Running the test on poisson_model_2

With \(\alpha = 0.05\), we reject \(H_0\) since the \(p\text{-value} < .001\). Hence, the poisson_model_2 has overdispersion.

  • Therefore, what modelling alternative do we have?

6. Negative Binomial Regression

  • Let \[Y_i \sim \text{Negative Binomial} (m, p_i) \quad \text{for} \quad i = 1, \dots, n.\]
  • This distribution has the following mean and variance: \[\begin{gather*} \mathbb{E}(Y_i) = \frac{m(1 - p_i)}{p_i} \\ \text{Var}(Y_i) = \frac{m(1 - p_i)}{p_i^2} \end{gather*}\]

6.1. Reparametrization

  • Let us reparametrize the previous mean and variance: \[\begin{equation*} \lambda_i = \frac{m (1 - p_i)}{p_i} \qquad \Rightarrow \qquad p_i = \frac{m}{m + \lambda_i}, \end{equation*}\]
  • Hence:

\[\begin{gather*} \mathbb{E}(Y_i) = \lambda_i \\ \text{Var}(Y_i) = \lambda_i \left( 1 + \frac{\lambda_i}{m} \right). \end{gather*}\]

6.2. General Modelling Framework

  • As in the case of Poisson regression, the Negative Binomial case is a GLM with the following link function: \[\begin{equation*} h(\lambda_i) = \log(\lambda_i) = \beta_0 + \beta_1 X_{i,1} + \dots + \beta_k X_{i,k}. \end{equation*}\]
  • Let \(\theta = \frac{1}{m}\). Then, Negative Binomial regression will assume the following variance: \[\begin{align*} \text{Var}(Y_i) = \lambda_i \left( 1 + \frac{\lambda_i}{m} \right) = \lambda_i + \theta \lambda_i^2. \end{align*}\]

6.3. Estimation

  • Via a training set of size \(n\) whose responses are independent counts \(Y_i\) (\(i = 1, \dots, n\)), we use maximum likelihood estimation to obtain \(\hat{\beta}_0, \hat{\beta}_1, \dots, \hat{\beta}_k, \hat{\theta}\).
  • To fit a Negative Binomial regression via R, we can use the function glm.nb() from package {MASS}.

Checking summaries!

iClicker Question

  • Under the context of this crab problem with overdispersion as assessed by the overdispersion test, suppose we use poisson_model_2 to perform inference on the response and regressors.
  • What is the consequence of using these underestimated standard errors compared to the ones from negative_binomial_model?
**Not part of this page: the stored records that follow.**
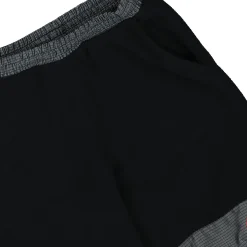 Outlet Retro Denali Pant Pants & Shorts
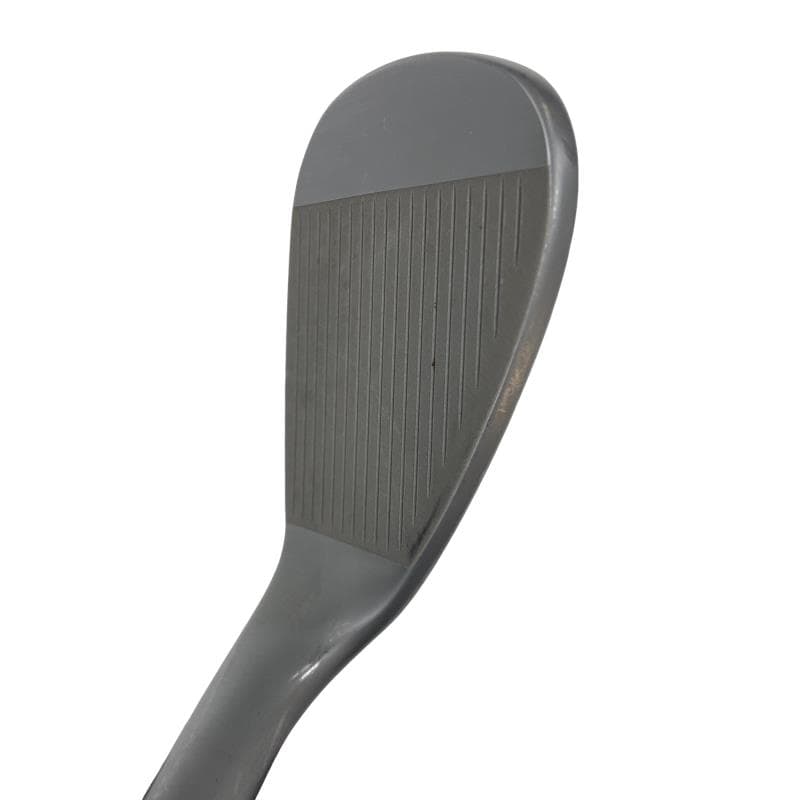 �s�����������@�l�������@�l�h�k�k�d�c�@�f�q�h�m�c�@�T�@�T�Q°�^�O�X°�r�a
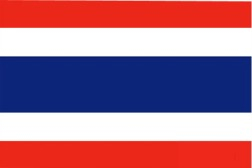Demystifying the colour politics of Thailand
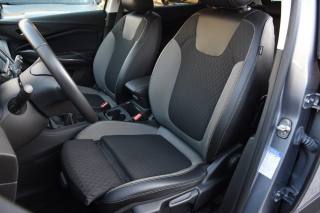 OPEL Grandland X usata, con Autoradio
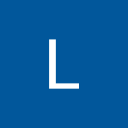 ltd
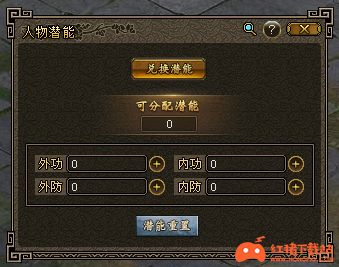 1787805118784694.png 图片2.png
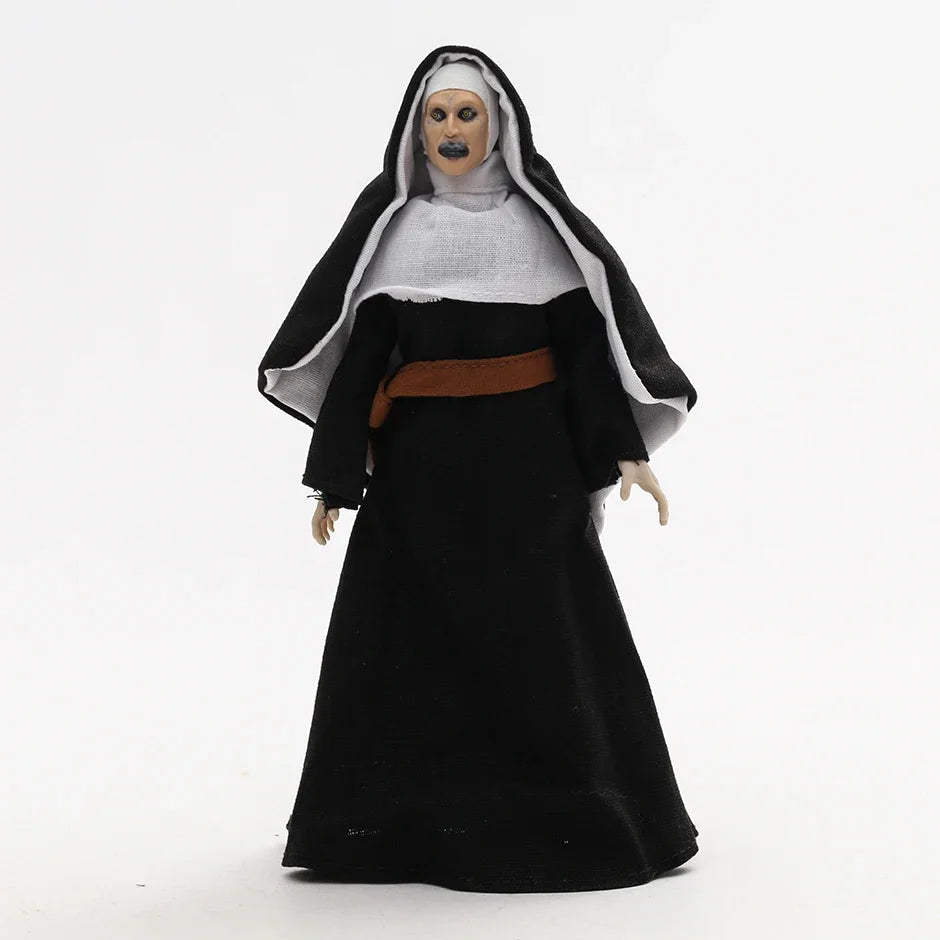 NECA The Nun – Conjuring Universe Collectible Action Figure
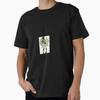 Dark Angel Premium T-Shirt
A. We are more prone to commit Type I errors (i.e., rejecting \(H_a\) when in fact it is true).

B. We are more prone to commit Type I errors (i.e., rejecting \(H_0\) when in fact it is true).

C. We are more prone to commit Type II errors (i.e., rejecting \(H_a\) when in fact it is true).

D. We are more prone to commit Type II errors (i.e., rejecting \(H_0\) when in fact it is true).